Çalışma yaşamında daha az vergi ya da sigorta pirimi ödenmesi amacıyla zaman zaman, iş sözleşmesi veya ücret bordrolarında gösterilen ücretlerin gerçeği yansıtmadığı görülmektedir. Bu durumda gerçek ücretin tespiti önem kazanır. İşçinin kıdemi, meslek unvanı, fiilen yaptığı iş, işyerinin özellikleri ve emsal işçilere ödenen ücretler gibi hususlar dikkate alındığında imzalı bordrolarda yer alan ücretin gerçeği yansıtmadığı şüphesi ortaya çıktığında, bu konuda tanık beyanları gözetilmeli ve işçinin meslekte geçirdiği süre, işyerinde çalıştığı tarihler, meslek unvanı ve fiilen yaptığı iş bildirilerek sendikalarla, ilgili işçi ve işveren kuruluşlarından emsal ücretin ne olabileceği araştırılmalı ve tüm deliller birlikte değerlendirilerek bir sonuca gidilmelidir.
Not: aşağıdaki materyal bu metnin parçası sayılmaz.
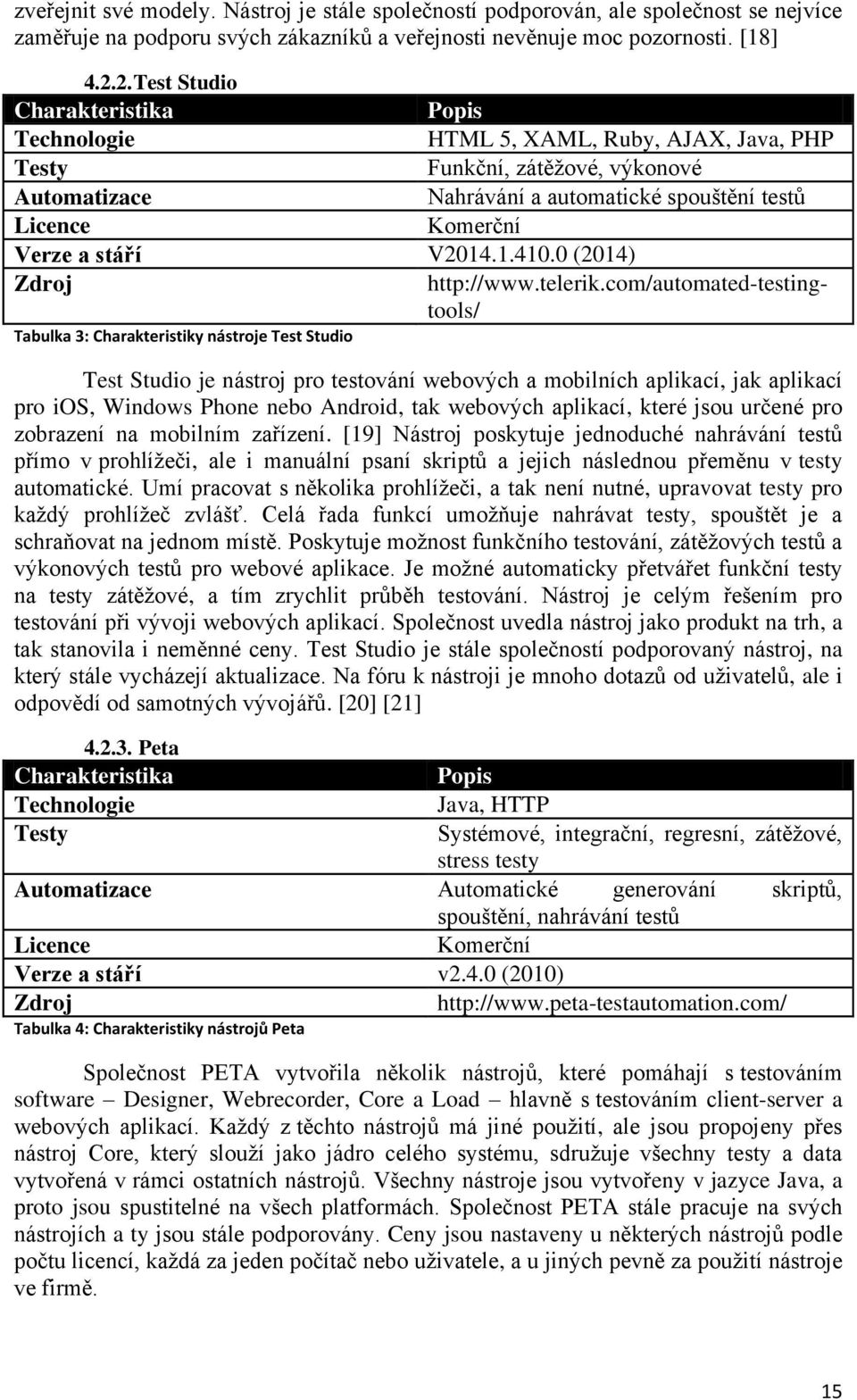 stáří V2014.1.410.0 (2014) Zdroj http://www.telerik.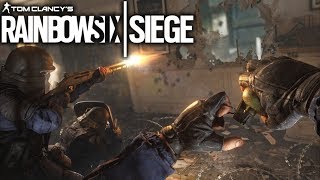 "GRANDE NEW BOOTY CHALLENGE" | Rainbow Six Siege | w/ CaRtOoNz (R6 Operation Chimera)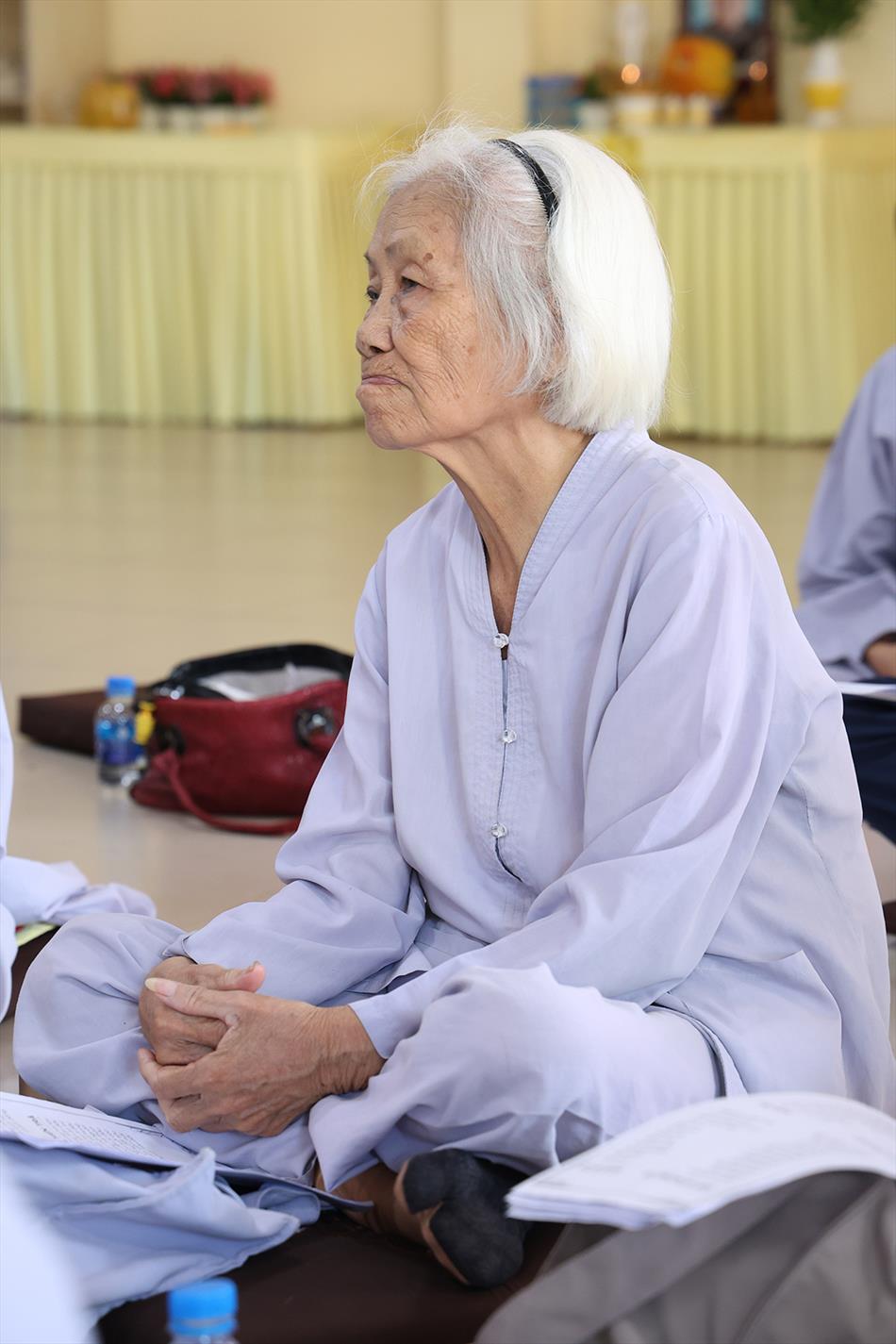 2 KHOÁ TU THỨ HAI 2 KHOÁ TU THỨ HAI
Somut olayda; davacının davalı işyerinde veteriner olarak görev yaptığını,kendisine ödenen ücretin ... Veterinerler Birliği ... Veteriner Hekimleri Odası Başkanlığının belirlediği tarifenin altındığı kaldığını belirterek fark ücret alacağı talebinde bulunmuştur.Mahkemece hükme esas alınan bilirkişi raporunda belirtilen tarifeye göre davacının alması gereken ücret belirlenerek ödenen ücretle arasındaki fark hesaplanmıştır.Taraflar arasındaki sözleşme,çalışma biçimi ve yapılan işin niteliği gözeltildiğinde davacının istihdamı zorunlu personel olduğu,davalı tanık beyanlarından da anlaşılacağı üzere davacının fiili çalılşmasının bulunmadığı,davacıdan fiili çalışmasının beklenmediği,tip sözleşmede aylık ücretin tarafların iradesi ile serbestçe kararlaştırıldığı,bu nedenle sözleşmede yer alan ücretin tarifede belirtilen ücretten düşük olmayacağına yönelik hükmün bu sebeple bağlayıcı olmadığı,dolayısıyla tarife esas alınarak belirlenen fark ücrete hak kazanamıyacağı anlaşıldığından ücret farkı talebinin reddine karar verilmesi gerekli iken yazılı gerekçe ile hüküm altına alınması hatalı olup bozmayı gerektirmiştir.
SONUÇ: Temyiz olunan kararın yukarıda yazılı nedenle BOZULMASINA, peşin alınan temyiz harcının talep halinde ilgililere iadesine, 04.06.2020 tarihinde oybirliği ile karar verildi.